Over the past few months, Apple’s MacBook Pro has slowly but surely become one of Apple’s more controversial products. Though Apple’s venerable notebook brings a lot to the table, the machine boasts a number of design decisions that — taken together — have sparked a seemingly endless amount of criticism.
Aside from the fact that many people find the Touch Bar to be intriguing but not altogether useful, and aside from the fact that the MacBook Pro can’t support 32GB of RAM, the most damning aspect of Apple’s pro-level notebook is that the keyboard is simply unreliable.
Since hitting store shelves, there have been no shortage of stories detailing how the MacBook Pro’s new butterfly keyboard is extremely temperamental and, in turn, dreadfully unreliable. Specifically, many users have noticed that certain keys will stop working entirely if even a tiny spec of dust manages to lodge itself underneath the keyboard. Just this week, AppleInsiderrevealed that Apple’s new MacBook Pro models are twice as likely to experience keyboard malfunctions than older models which sport the traditional scissor switch keyboard design.

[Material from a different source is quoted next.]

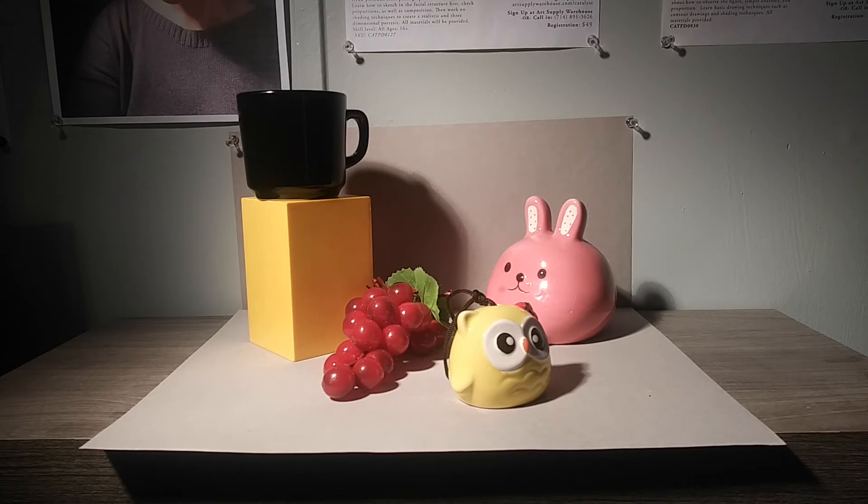Another thing to think about when setting up your composition is having objects of different local values. I have yellow objects, which fall on the higher end of the value scale — probably around value two. I have a pink little bunny, and red grapes that are more in the mid-tones, around value four or five. And then I have something black, which would be value ten, or depending on your scale, something like value five.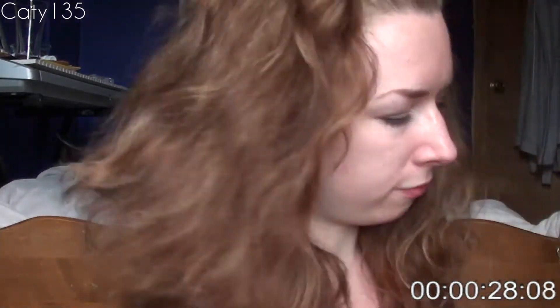Translucent setting powder and a fluffy brush. That was a lot of powder — that was way too much.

With complaints surrounding the MacBook Pro keyboard growing, a new petition on Change.org which labels Apple’s top of the line notebook a “design failure” has started to amass hundreds of signatures.
The petition, which calls on Apple to recall existing MacBook Pro models, reads in part:
Apple, it’s time: recall every MacBook Pro released since Late 2016, and replace the keyboards on all of them with new, redesigned keyboards that just work.
Because, these keyboards don’t work.
Every one of Apple’s current-gen MacBook Pro models, 13″ and 15″, is sold with a keyboard that can become defective at any moment due to a design failure.
The problems are widespread, consistent, and infuriating.
The petition also includes a number of excerpts about the error-prone keyboard design from industry observers, including the following from Jason Snell: “… Apple’s relative silence on this issue for existing customers is deafening. If these problems are remotely as common as they seem to be, this is an altogether defective product that should be recalled.”
A recall is of course extremely unlikely, but as Snell alludes to above, Apple’s decision to keep quiet on the issue is far from encouraging.